Uccmal Posted November 13, 2014 Posted November 13, 2014 I figure the trigger that raises prices will come from the mid-east as usual. The Saudi's talk tough but they have a huge populace that needs to be placated. The same goes for the other mideast players. The Russians are a different bird. People there will suffer, for mother Russia, as they always do.
yadayada Posted November 13, 2014 Posted November 13, 2014 ironically , middle east will be better off if the world will not use much oil anymore. Or at least the general population.
yadayada Posted November 14, 2014 Posted November 14, 2014 Don't you think long term they will be better off? They are kind of leaning on oil now. Kind of the same how poor countries generally do better if all help from outside stops. They collapse and are forced to deal with it, and the corrupt regime is usually removed. Just seems oil is causing so much unrest and conflict over the long run in these places.

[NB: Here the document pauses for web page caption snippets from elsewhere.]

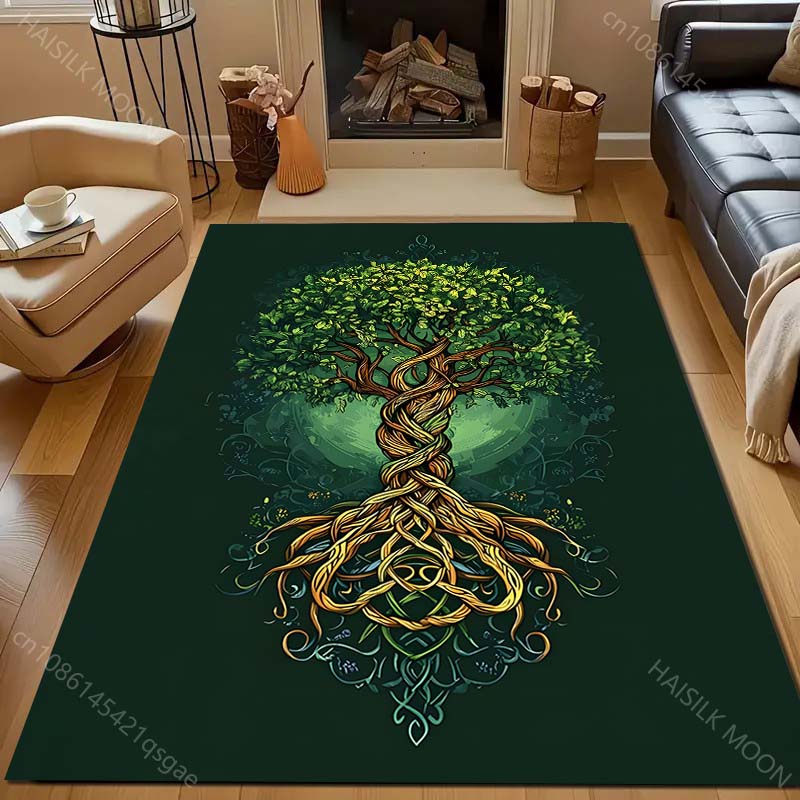 Nordic Totem Tree of Life Print for Carpet Living Room Bedroom Bedside Floor Mat Home Decor Sofa Room Area Rug Large Size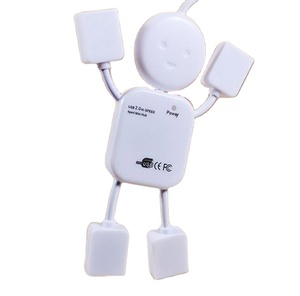 DHL 100Pcs/Lot Cute 4 Port <strong>Hub</strong> High-Speed <strong>USB</strong> Humanoid Splitter Cable Adapter for Laptop PC - Product Image 2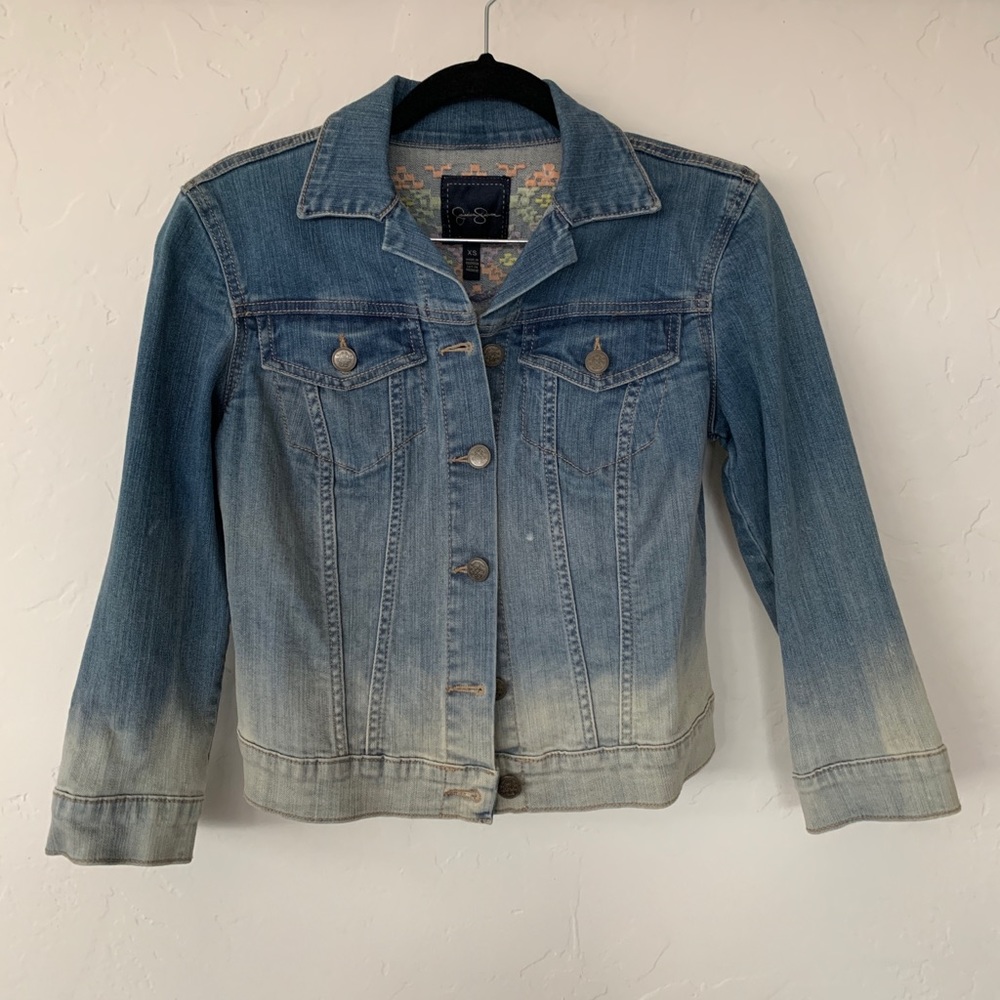 Jessica Simpson Cropped Denim Jacket w Embroidery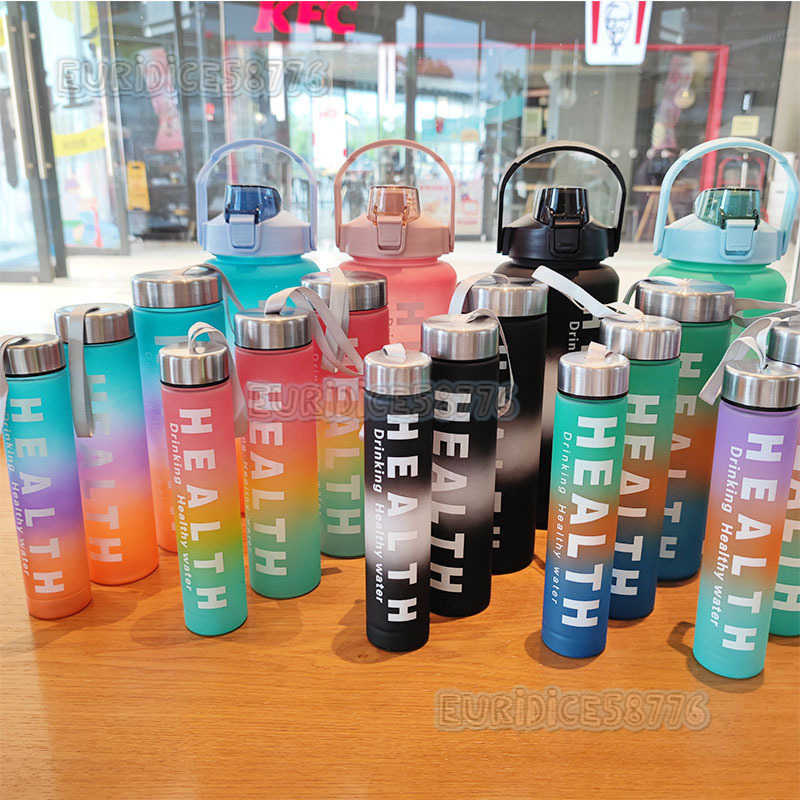 Fourpiece Set Frosted Gradient Celebrity Space Cup Plastic Straw Water Cup Large Capacity Handheld Outdoor Sports Water Bottle H250911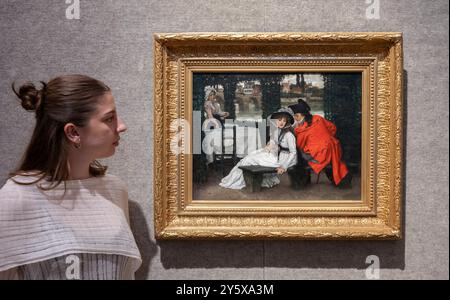 Bonhams, Londra, Regno Unito. 23 settembre 2024. La vendita di opere d'arte inglesi e impressioniste del XIX secolo si svolge a Bonhams il 25 settembre. Le attrazioni principali includono: James Jacques Joseph Tissot (francese, 1836-1902). Un Tryst al Riverside Café, stimate £ 120.000-180.000. Crediti: Malcolm Park/Alamy Live News Foto Stock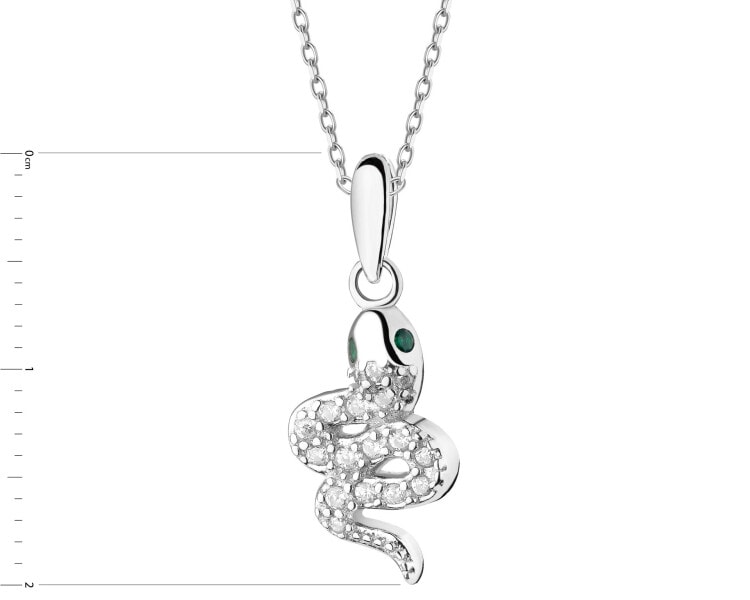 Zawieszka srebrna z cyrkoniami - wąż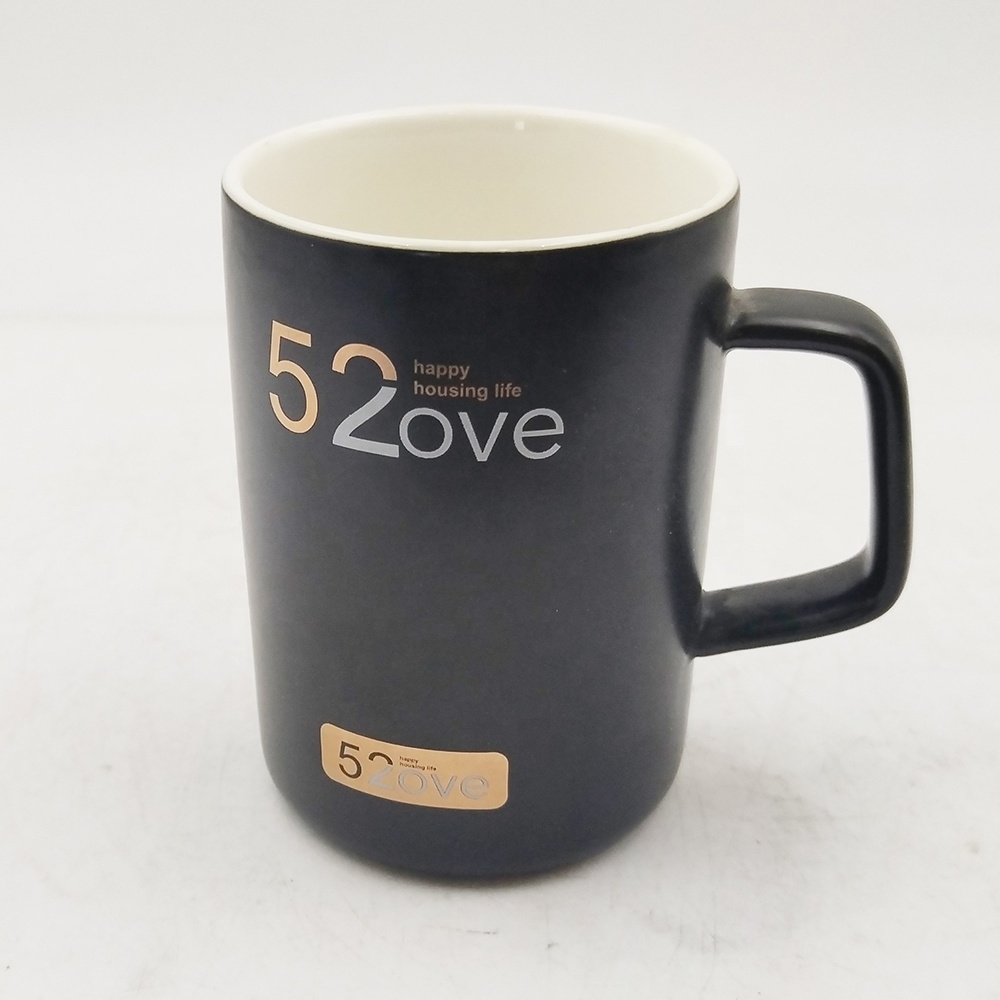 Vintage Black Ceramic Coffee Mug Custom Logo Restaurant Coffee Diner Mugs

yadayada Posted November 15, 2014 Posted November 15, 2014 It is interesting that if you look at Iran and egypt in the middle of the 20th century, it looked like it was very friendly towards the west. What are the most important factors that islam got so extreme in a lot of those parts of the world? You see girls without headscarfs in Iran in old black and white pictures. You could take a van and travel to like afghanistan in the 60's right? Is it the west, israel conflict and then a combo of some evil puppet masters with a lot of oil money wanting to take out some low cost competition? Btw this is a unrelated interesting piece on oil price manipulation http://online.wsj.com/articles/SB10001424127887324682204578517064053636892
CorpRaider Posted November 17, 2014 Posted November 17, 2014 You know what would be great? If the western hemisphere became so awash in oil that we wouldn't even care about any of those middle eastern dynamics. It would be like the period from the end of the last crusades to 1973. Then the Sunni and Shia could go and emulate Europe of several hundred years ago and kill one another over their minor religious differences as much as they want until they get their fill and have an enlightenment, or not.